Iran has proposed variations on the deal, and Foreign Minister Manouchehr Mottaki said Tuesday that a fuel agreement could be a chance to boost trust with the West.
Earlier this week, he said Iran wants direct talks about the deal with all the U.N. Security Council members, except one with which it would have indirect talks - a reference to the United States, which with Tehran has no relations.
The U.S. is lobbying heavily in the Security Council for sanctions against Iran over its nuclear program.
Earlier Wednesday, Iran's supreme leader denounced U.S. "nuclear threats" against the Islamic Republic, and its elite military force said it would stage war games in a waterway crucial for global oil supplies.
The Revolutionary Guards' exercises in the Gulf and the Strait of Hormuz this week take place at a time of rising tension between Iran and the West, which fears Tehran's nuclear program is aimed at developing bombs. Iran denies the charge.
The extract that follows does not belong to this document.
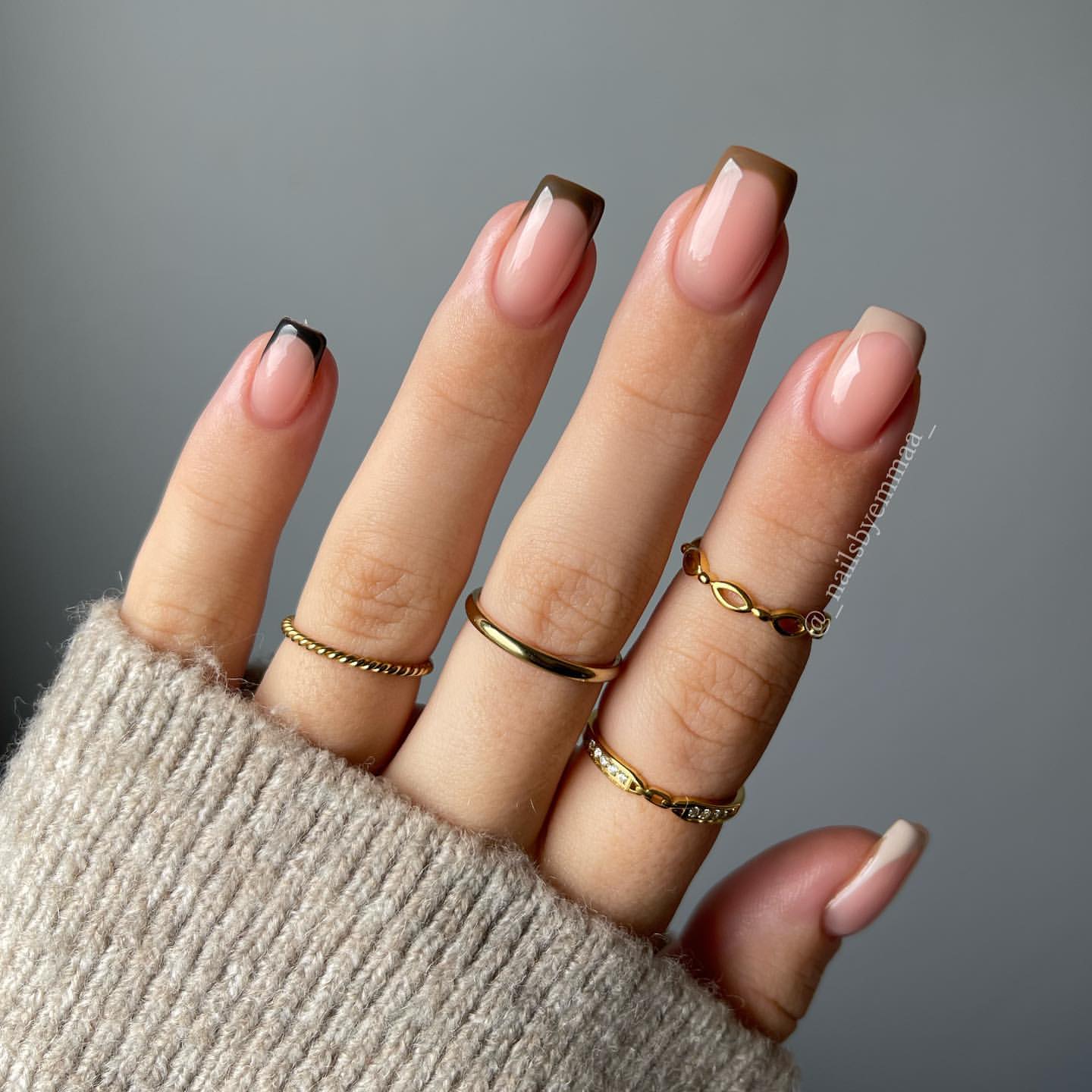 brown rainbow french tips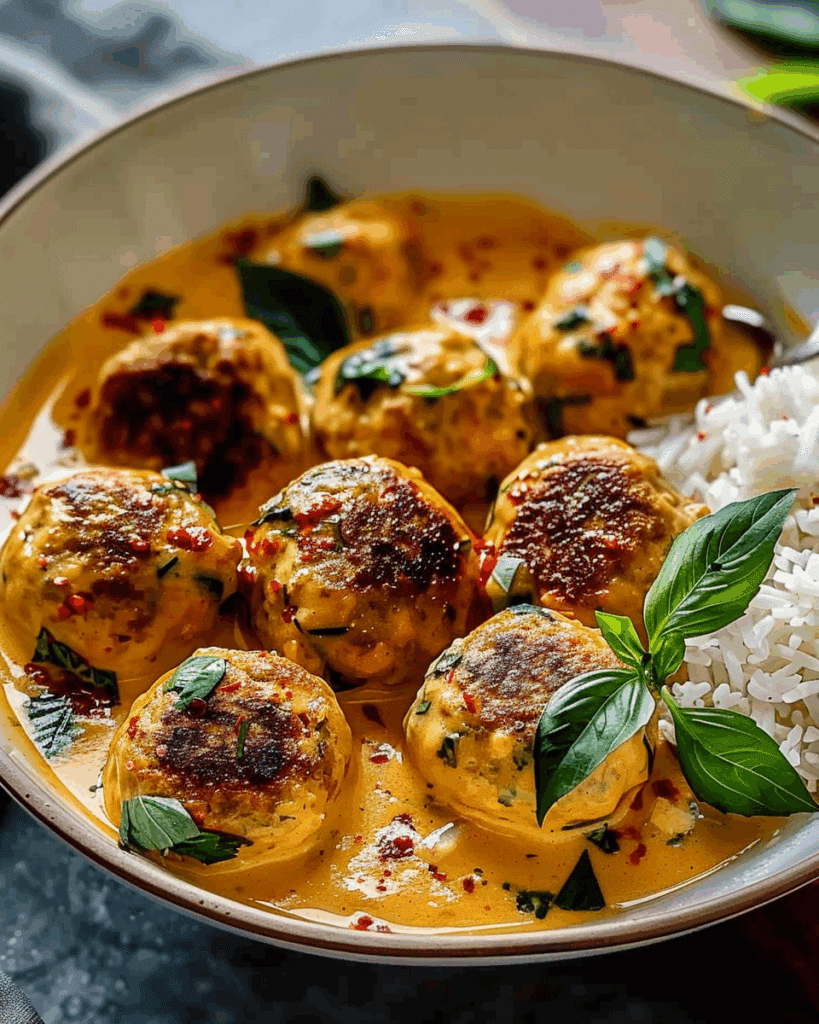 Fragrant Thai Chicken Meatballs Bathed in Creamy Coconut Curry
Iran has also reacted angrily to what is sees as U.S. President Barack Obama's threat to attack it with nuclear arms.
Obama made clear this month that Iran and North Korea were excluded from new limits on the use of U.S. atomic weapons -something Tehran interpreted as a threat from a long-standing adversary.
"The international community should not let Obama get away with nuclear threats," Supreme Leader Ayatollah Ali Khamenei said on Wednesday.
"We will not allow America to renew its hellish dominance over Iran by using such threats," he told a gathering of Iranian nurses, the semi-official Fars News Agency reported. Iran was a close U.S. ally before its 1979 Islamic revolution.
Brigadier General Hossein Salami, also quoted by Fars, said three days of maneuvers would start on Thursday and would show the Guards' naval strength.
"Maintaining security in the Persian Gulf and the Strait of Hormuz, as the world's key economic and energy routes, is the main goal of the war games," he said. "This war game is not a threat for any friendly countries."
Naval, air and ground forces from the Guards would take part, Fars said. The Islamic Republic's armed forces often hold drills in an apparent bid to show their readiness to deter any military action by Israel or the United States, its arch foes.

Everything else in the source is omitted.